Leggende metropolitane recenti raccontano di ragazzi chiusi nel furgone al buio in mezzo ai telai dal papà, per punizione al rientro da una gara andata male. Quelle più datate di gran risse nel paddock con i papà che scazzottano nel parco chiuso. Di certo c’è che la passione dei padri è spesso la scintilla iniziale nel percorso racing di ogni pilota, che questi divenga professionista negli anni o anche quando la pista rimanga l’hobby della domenica.
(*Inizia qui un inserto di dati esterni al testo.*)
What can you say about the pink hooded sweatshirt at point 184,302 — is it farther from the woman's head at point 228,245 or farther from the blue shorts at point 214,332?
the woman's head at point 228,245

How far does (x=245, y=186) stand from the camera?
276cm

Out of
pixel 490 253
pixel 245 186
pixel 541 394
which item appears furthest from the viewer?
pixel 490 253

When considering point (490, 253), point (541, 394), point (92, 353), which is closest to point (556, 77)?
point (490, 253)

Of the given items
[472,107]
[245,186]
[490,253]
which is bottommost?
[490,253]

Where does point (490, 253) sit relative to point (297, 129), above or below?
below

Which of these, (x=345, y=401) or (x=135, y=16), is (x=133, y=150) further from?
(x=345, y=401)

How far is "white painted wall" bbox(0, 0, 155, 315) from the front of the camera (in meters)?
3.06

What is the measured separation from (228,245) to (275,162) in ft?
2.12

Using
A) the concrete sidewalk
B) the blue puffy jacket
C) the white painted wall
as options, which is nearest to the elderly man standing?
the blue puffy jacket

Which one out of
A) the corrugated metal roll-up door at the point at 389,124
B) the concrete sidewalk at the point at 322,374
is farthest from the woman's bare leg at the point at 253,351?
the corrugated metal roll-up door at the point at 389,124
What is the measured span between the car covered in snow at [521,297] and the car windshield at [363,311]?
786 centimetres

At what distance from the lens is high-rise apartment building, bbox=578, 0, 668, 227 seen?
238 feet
I padri e figli celebri con cui ne abbiamo parlato confermano questo binomio speciale, anche se intorno alla coppia oggi ruotano sempre più fattori – specie quando c’è una carriera a cui puntare. 
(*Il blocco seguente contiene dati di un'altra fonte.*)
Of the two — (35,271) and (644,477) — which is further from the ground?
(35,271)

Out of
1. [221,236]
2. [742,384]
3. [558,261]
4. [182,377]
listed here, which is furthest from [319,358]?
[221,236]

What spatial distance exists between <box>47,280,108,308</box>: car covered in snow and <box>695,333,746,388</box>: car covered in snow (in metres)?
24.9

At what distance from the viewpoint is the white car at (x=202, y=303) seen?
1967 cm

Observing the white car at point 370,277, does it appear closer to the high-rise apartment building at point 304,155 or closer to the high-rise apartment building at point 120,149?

«I piloti di oggi, anche se solo 14enni, vivono un ambiente molto professionale. Sotto alle grandi tende c’è il telemetrista, il fisioterapista, tutto è impostato già come nelle Formule e lo spazio per i papà, anche quando sono ex piloti, è ridotto.» ci racconta Riccardo Patrese, celeberrimo ex pilota di F1 e papà di Lorenzo, oggi pilota in OK che si appresta al passaggio in F4 al termine della stagione in corso.
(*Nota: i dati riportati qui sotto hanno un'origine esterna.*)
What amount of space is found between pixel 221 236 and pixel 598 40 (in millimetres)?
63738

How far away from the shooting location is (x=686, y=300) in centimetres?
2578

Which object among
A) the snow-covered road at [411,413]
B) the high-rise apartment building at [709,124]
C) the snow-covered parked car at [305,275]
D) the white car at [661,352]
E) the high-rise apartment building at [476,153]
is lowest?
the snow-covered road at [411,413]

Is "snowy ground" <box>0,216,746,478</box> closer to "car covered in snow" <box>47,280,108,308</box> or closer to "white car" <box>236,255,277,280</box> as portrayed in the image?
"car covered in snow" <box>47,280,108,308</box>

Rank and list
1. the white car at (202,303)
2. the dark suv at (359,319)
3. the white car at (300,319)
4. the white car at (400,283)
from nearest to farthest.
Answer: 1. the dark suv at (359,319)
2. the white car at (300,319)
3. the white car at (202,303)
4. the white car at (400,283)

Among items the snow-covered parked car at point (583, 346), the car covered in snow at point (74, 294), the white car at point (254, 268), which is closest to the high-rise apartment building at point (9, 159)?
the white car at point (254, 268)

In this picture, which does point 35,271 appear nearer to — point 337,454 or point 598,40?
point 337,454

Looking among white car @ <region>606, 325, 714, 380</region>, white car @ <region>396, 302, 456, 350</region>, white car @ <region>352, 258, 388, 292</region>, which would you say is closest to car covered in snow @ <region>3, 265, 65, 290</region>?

«Io sono felice del rapporto che ho avuto nei primi anni ‘70 con mio padre in pista – continua Patrese – quando si caricava il kart sopra al tetto della macchina e si lavorava insieme sul telaio prima delle gare. Anche se negli ultimi due anni, quando corsi con Baroni e poi con Birel il Mondiale, il contesto cambiò leggermente, lui era sempre presente. Al 95% il ruolo dei padri in pista è cambiato, anche perché questo mondo è oggi molto più professionale e non è nemmeno immaginabile l’idea di poter vedere un padre che spinge il kart del figlio ad un Mondiale, cosa invece comune ai tempi che furono. In qualche misura questo è negativo, perché prima c’era  modo, per il pilota, di crescere e maturare più gradualmente in presenza delle figure per lui di riferimento. Anche all’eventuale arrivo in Formula 1 (Patrese ci arrivò a 24 anni, n.d.r.) nessuno pretendeva che si fosse vincenti da subito. Questo perché al ragazzo era lasciato il tempo di diventare uomo oltre che professionista e quindi un atleta completo. Oggi se a 20 anni non hai ancora vinto un Mondiale di F1 le cose si complicano. Ma il mondo è cambiato nel suo insieme, quindi è chiaro che non si può tornare del tutto indietro.»

Si tende a pensare che spesso i padri possano forzare la scelta di correre in kart, imponendo ai figli quella che è in realtà una loro passione. Se forse è vero che questo può succedere in giovanissima età, quando invece i ragazzi decidono di continuare oltre la Minikart, sono loro ad amare realmente questa disciplina. 
«Mio papà è stato fondamentale all’inizio ovviamente, anche se sono stato io a chiedere di iniziare a correre. Di certo non me lo ha imposto lui di correre» ci confida Lorenzo Patrese a proposito degli inizi della sua carriera.